The measurements: 48, 56, 90, 78, 86, 71, 42 t/ha.

soil <- c(48, 56, 90, 78, 86, 71, 42)
soil
[1] 48 56 90 78 86 71 42

How confident is the estimate?

The farmer’s mean

The farmer calculates the mean:

mean(soil)
[1] 67.28571

The result is 67.3 t/ha. But is this number the true average for the whole property?

How much should we trust an estimate?

Two studies both report a mean soil carbon of 67 t/ha. One measured 5 sites, the other 500.

Should we trust them equally?

The problem of a single estimate

A single number on its own does not tell us anything about uncertainty. We need a way to combine our estimate with how precise it is. That is what confidence intervals do.

Confidence intervals

Garfield by Jim Davis. © PAWS Inc.

Combining an estimate with its precision

A confidence interval (CI) gives us a range of plausible values for the population parameter, rather than a single best guess.

It combines three things:

  1. Our estimate (the sample mean)
  2. How precise that estimate is (the standard error)
  3. How confident we want to be (the critical value)

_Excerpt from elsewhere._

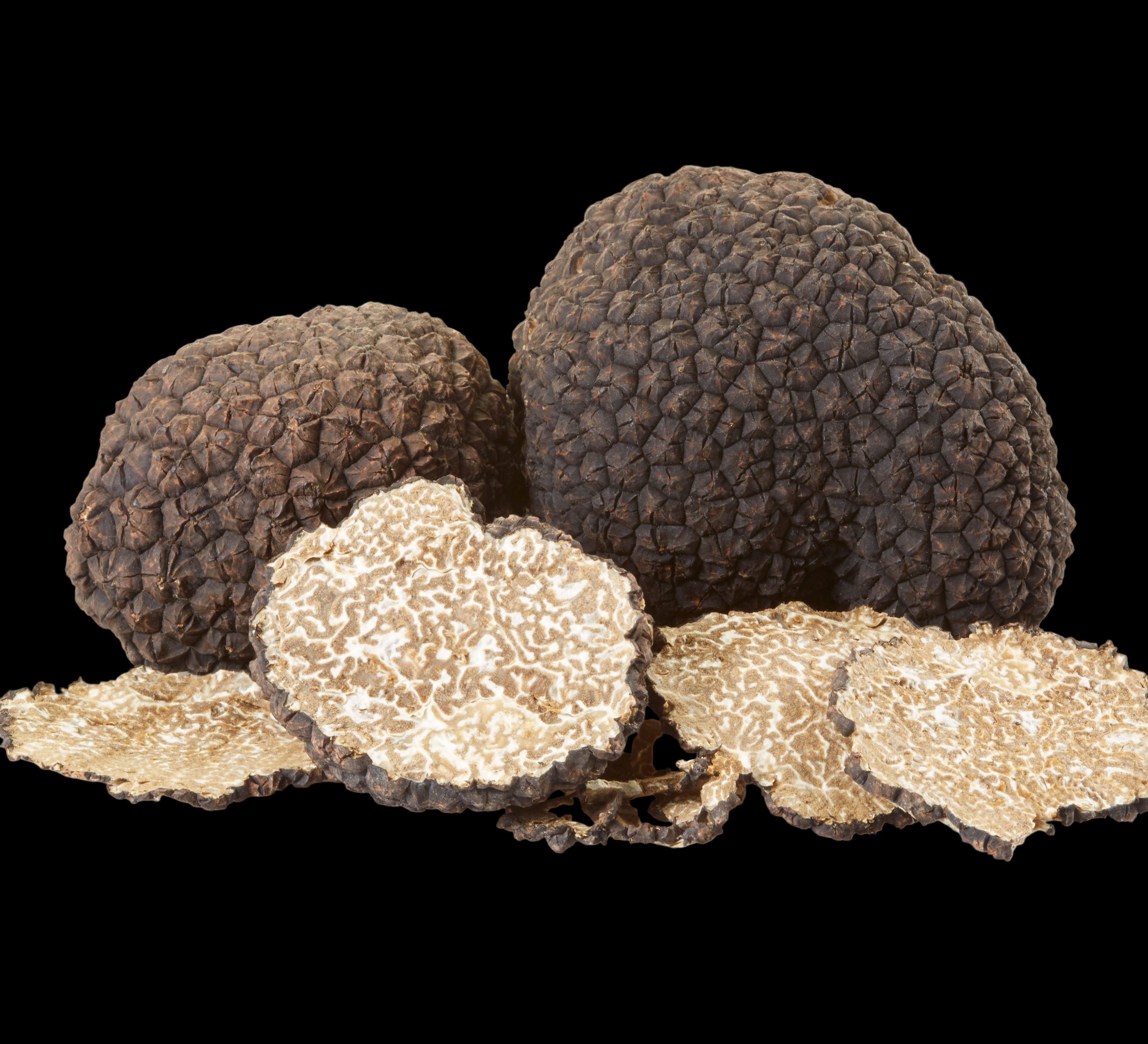 Truffle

Calculating confidence intervals

The three ingredients, formally

  1. Sample mean (\(\bar{x}\)): our estimate of the population parameter

  2. Standard error of the mean (\(SE_{\bar{x}} = s / \sqrt{n}\)): how precise that estimate is

  3. Critical value (\(t_{n-1}\)): from the t-distribution at our chosen confidence level (e.g. 95%). We use t rather than the normal distribution because we estimate \(\sigma\) from the sample.

CI formula

These three ingredients combine into:

\[ \bar{x} \pm \left(t_{n-1} \times \frac{s}{\sqrt{n}}\right) \]

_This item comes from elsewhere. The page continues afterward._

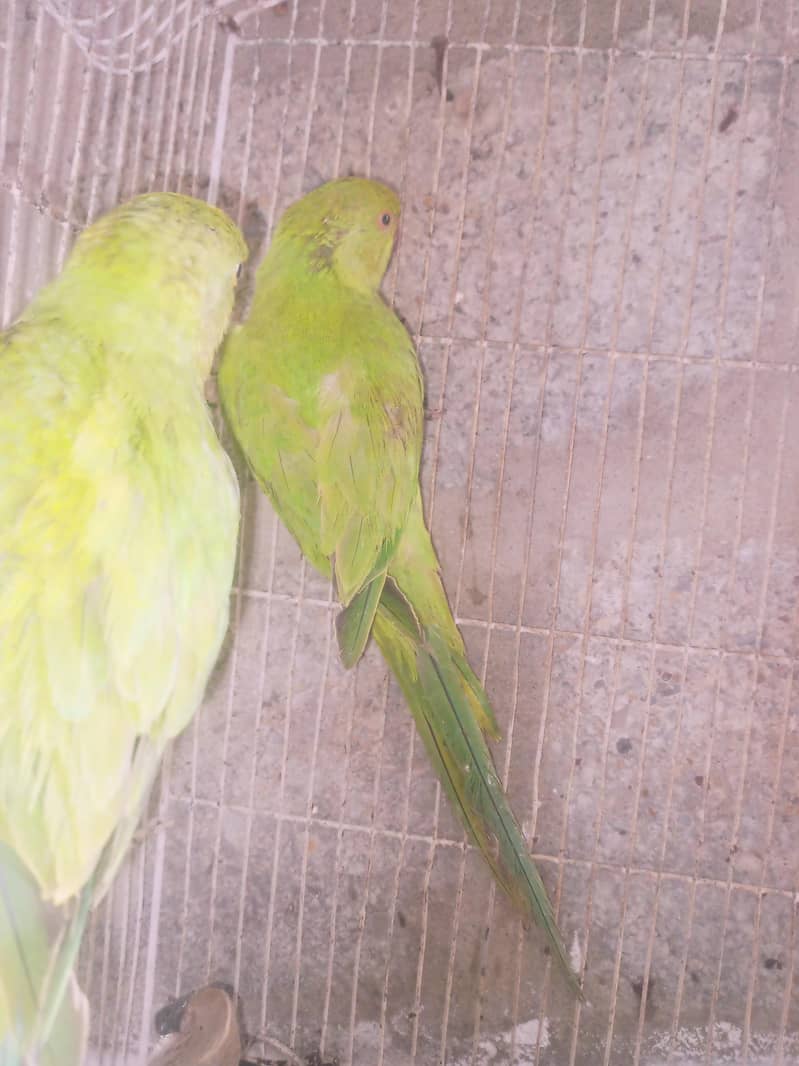 ringneck 4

The \(t_{n-1} \times SE_{\bar{x}}\) part is the margin of error, the “plus or minus” value you often see in survey results (±3%).

To use this formula, we need to understand two things: degrees of freedom and the t-distribution.

Degrees of freedom

The farmer estimated one thing from their sample: the mean. That uses up one degree of freedom:

\[ \text{df} = n - 1 \]

For the farmer: \(df = 7 - 1 = 6\). This number determines which t-distribution we use, and therefore how wide the CI is.

Why \(n - 1\)?

Imagine you have 4 numbers with a mean of 5:

  • You can freely choose the first three numbers: 3, 10, and 7
  • But the fourth number MUST be 0 to make the mean equal 5: \((3 + 10 + 7 + 0) \div 4 = 5\)
  • So only 3 numbers (\(n - 1\)) can be freely chosen = 3 degrees of freedom

Why not use the normal distribution?

The farmer only has 7 samples, so they do not know the true population standard deviation. They have to estimate it from the sample, and that adds uncertainty.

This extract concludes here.